These dense yet tender nut-based cookies coated with powdered sugar are also known as Mexican wedding cookies and Russian tea cakes.
Swedish Tea Cakes
These cookies keep beautifully when stored in an air-tight container—up to 2 weeks, easily. Perhaps that’s why they’re so popular come cookie platter season, aka Christmas.
- 1/2 cup pecan or walnut halves
- 2 1/2 cups powdered sugar divided
- 1/8 teaspoon teaspoon salt
- 1 cup unsalted butter
- 1/2 teaspoon vanilla extract
- 1 3/4 cups all-purpose flour
- Preheat an oven to 350°F. Lay the nuts on a baking sheet and bake until toasted, about 10 minutes. Set a timer and watch them closely—nuts can go from toasted to burnt in the blink of an eye. Set the nuts aside to cool.

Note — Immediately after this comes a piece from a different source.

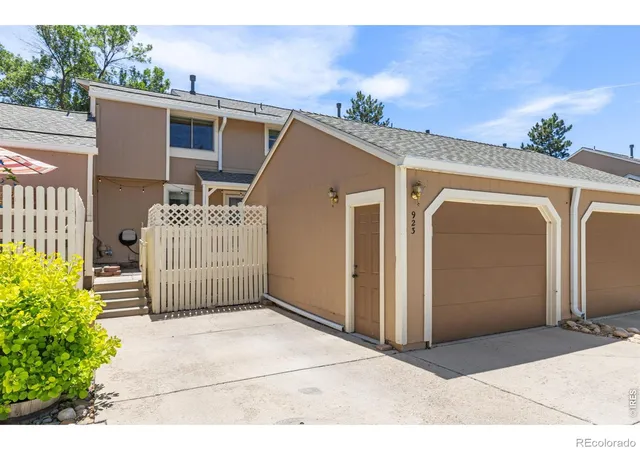 2nd image of 923 Reynolds Farm Ln, Longmont, CO 80503 | MLS# IR1062325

- Once cool, put the nuts, 1 cup of the sugar, and the salt in a food processor. Pulse until the nuts are finely ground.
- Cut the butter into 1-tablespoon chunks and drop them in the food processor. Pulse to combine with the ground nuts. Drizzle in the vanilla and pulse a few times. Add the flour and pulse to combine to form a dough.
- Roll the dough into 1-tablespoon balls and set them on an ungreased baking sheet (feel free to line the sheets with parchment paper for easy clean up).
- Bake until just turning golden, about 15 minutes.
- Put the remaining powdered sugar in a wide shallow bowl. Roll the cookies in the sugar to coat them and set them on a cooling rack. When the cookies are completely cool, roll them in the sugar for a second time for a brilliantly white snowy coat.
Handle the dough as little as possible to keep them tender. Using pecans is more traditional and leads to a sweeter, more tender cookie. Walnuts, however, have a bit more oomph of flavor, and their flavor stands up a bit more to all the sugar. Either way, note that toasting the nuts isn’t necessary, but it does add a deeper, nuttier flavor to the final cookies.